Pizza Hut Roasts Kanye West
In 2016, Kanye West tweeted up a storm leading up to his new album, talking about struggles with his finances. Pizza Hut in the UK saw his financial difficulties to be their economic opportunity. They created a fake resume that the rapper “sent into Pizza Hut.”
The resume mirrored his album listing for “God” with its overlapping text. The resume is covered with misspellings and lists sit-ups and baggy pants as experience. It also listed Taylor Swift as a reference, but crossed it off. “We’re sorry Kanye. We just can’t accept this,” Pizza Hut tweeted with the image.
Pharrell Williams Wears Arby’s Hat
Rapper Pharell Williams wore a hat to the 2014 Grammy’s that was criticized by a lot of people, but most savagely by Arby’s. The tweet, “Hey @Pharrell, can we have our hat back?” hit almost 60,000 likes.
Willams did take it lightheartedly, though. “Y’all tryna start a roast beef?” he asked in response. It wouldn’t be the only time Arby’s started roast beef, but it was a friendly beef in comparison to the other fast feuds.
Game Of Thrones Crowns Its Fast Food King
After Game of Thrones killed off Bud Knight in the recent Superbowl commercial, they were in need of a new food product king. Fortunately, Wendy’s convinced Game of Thrones on Twitter to usurp Bud Knight as the new king.
Surprisingly, the Game of Thrones Twitter responded to Wendy’s and confirmed them as a new king. Game of Thrones then made a jab at Burger King, saying “Any man who must say ‘I am the king’ is no true king at all.” Unfortunately, the king of burgers missed his chance.
Taco Bell Declares War On McDonald’s Breakfast Sandwiches
When Taco Bell released its new breakfast items for $1 across the board, McDonald’s all-day breakfast dropped in revenue. McDonald’s then added $1, $2, and $3 tiers. Taco Bell increased their advertising, and so did McDonald’s. Eventually, Taco Bell released a ruthless commercial as an advertising scheme.

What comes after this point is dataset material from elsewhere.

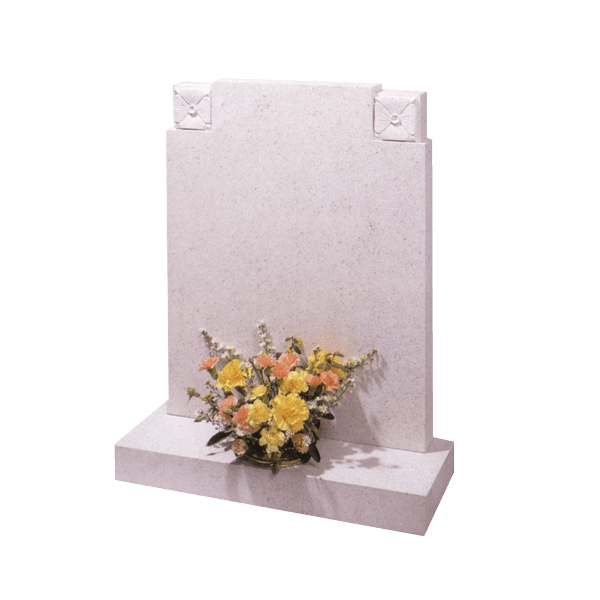 Square Top Headstone With Roses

Taking the term “war” seriously, the commercial begins with a Ronald McDonald look-alike dictator forcing its citizens to eat Egg McMuffin-looking sandwiches. A group of rebels eventually escapes the society to a bright land of smiling faces eating A.M. Crunchwraps. Not much left for interpretation in this commercial.
Dunkin’ Donuts Raises Arms In The Breakfast War
Dunkin’ Donuts has aimed to keep up with McDonald’s breakfasts since 2016, revising their drive-thru menu and deals. So when McDonald’s released Donut Sticks just before Valentine’s Day, Dunkin’ was quick to comment.

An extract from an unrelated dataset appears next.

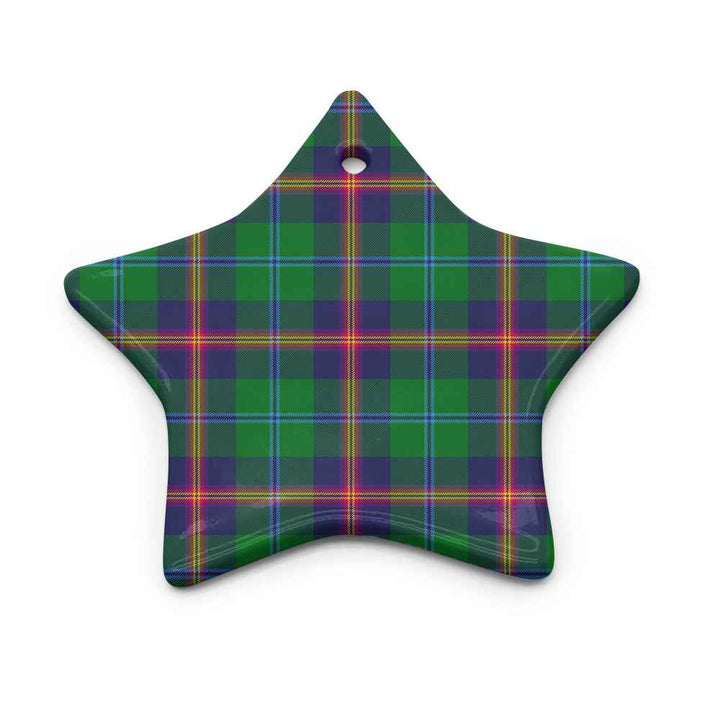 Scottish Young Modern Clan Tartan Ceramic Ornament Star Shape Tartan Plaid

“What a weird coincidence . . . @McDonalds came out with Donut Sticks, and we just released the blueprints to our new donut packaging . . .” Dunkin’ tweeted, sharing a photo reminiscent of McDonald’s burger packaging. Dunkin’ clearly didn’t appreciate another restaurant copying the Donut Fries they released back in 2018. Their tweeted image copied McDonald’s products in return.

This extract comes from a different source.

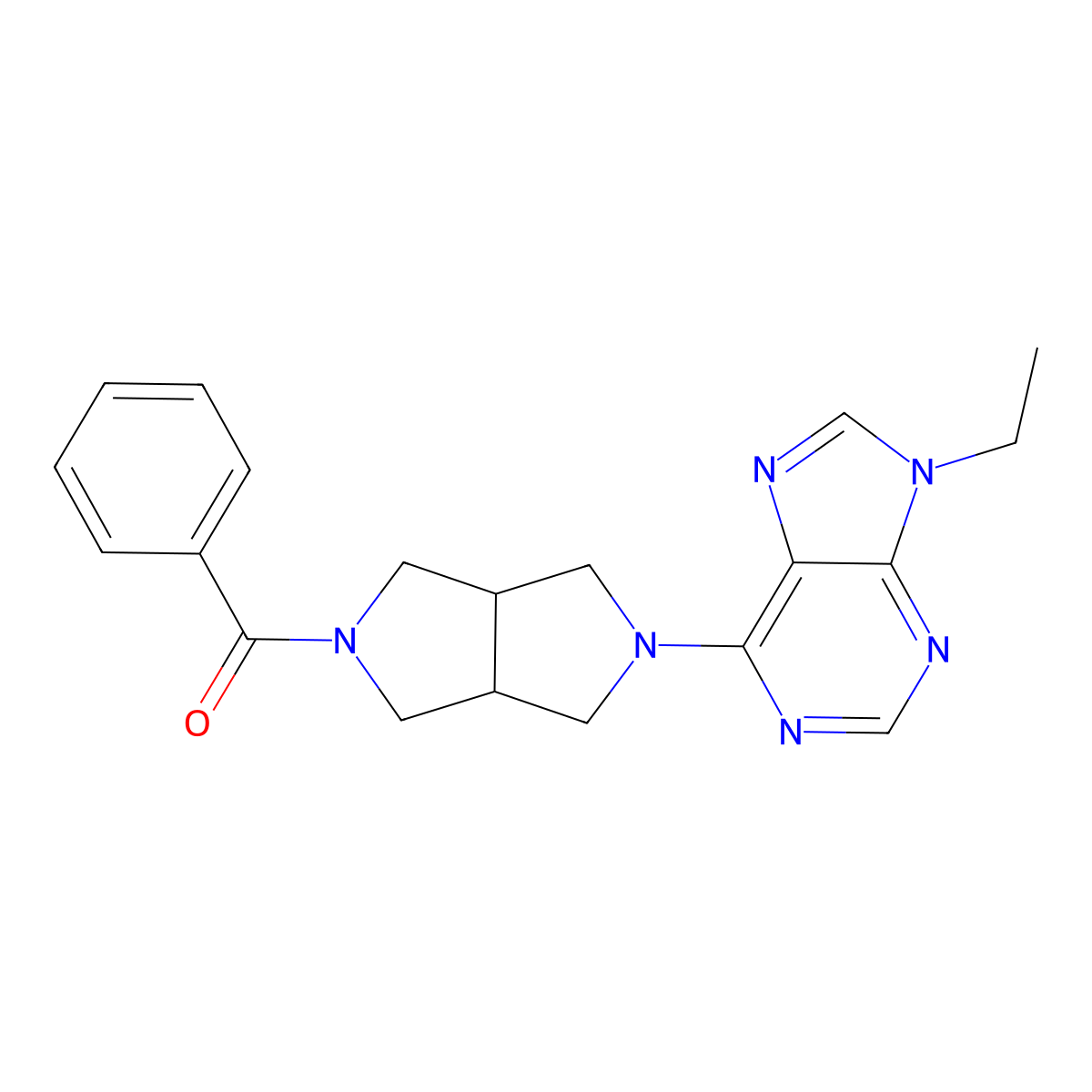 6-{5-benzoyl-octahydropyrrolo[3,4-c]pyrrol-2-yl}-9-ethyl-9H-purine molecular structure, CAS 2741957-02-6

Old Spice Battles With Taco Bell
Unprovoked, Old Spice challenged Taco Bell’s fire sauce in 2012. In July, Old Spice tweeted, “Why is it that ‘fire sauce’ isn’t made with any real fire? Seems like false advertising.” Taco Bell came back with, “Is your deodorant made with really old spices?”
Old Spice’s reply really makes sense if you’ve seen their commercials. Meaning, it makes sense, only because Old Spice said it, “Depends. Do you consider volcanoes, tanks and freedom to be spices?”
Carl’s Jr. Can’t Compete With Wendy’s
Carl’s Jr. made the mistake of starting a Twitter fight with Wendy’s in 2017. Twitter user Andrew Morgan tweeted at Wendy’s, asking how they compare to Carl’s Jr. That same day, Carl’s Jr. replied “LOL they don’t,” receiving few responses.
Wendy’s didn’t immediately reply, lulling Carl’s Jr. into a false sense of victory. Half a day later, though, they landed the punch. “Yeah, for one, if we were going to diss another restaurant we’d have more than likes and RTs after 13 hours.” Unfortunately for Carl’s Jr, Wendy’s response got over 62,000 likes compared to their 1,000. Ouch!